● **Source data**
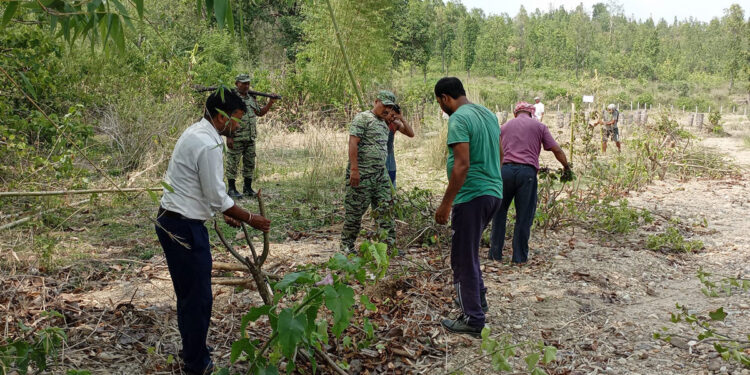 वन संरक्षणमा स्थानीय सक्रिय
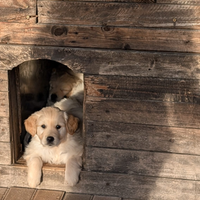 Golden retriever cuccioli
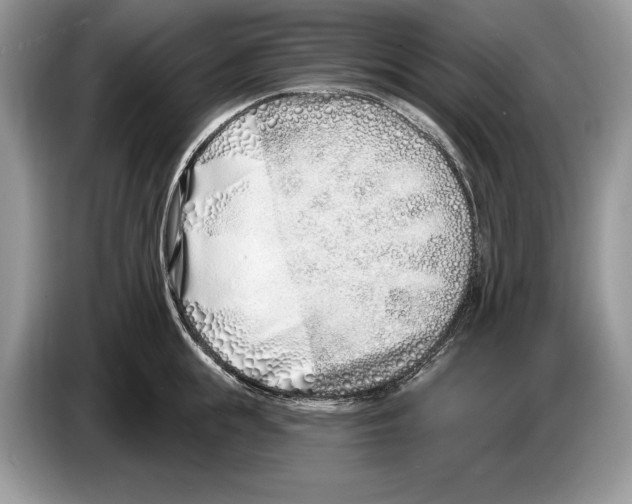 X0000086270855200704262015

● **Exercise prompt**
Repeat the data word for word. Images are not part of the copy.

● **Exercise response**
 वन संरक्षणमा स्थानीय सक्रिय
 Golden retriever cuccioli
 X0000086270855200704262015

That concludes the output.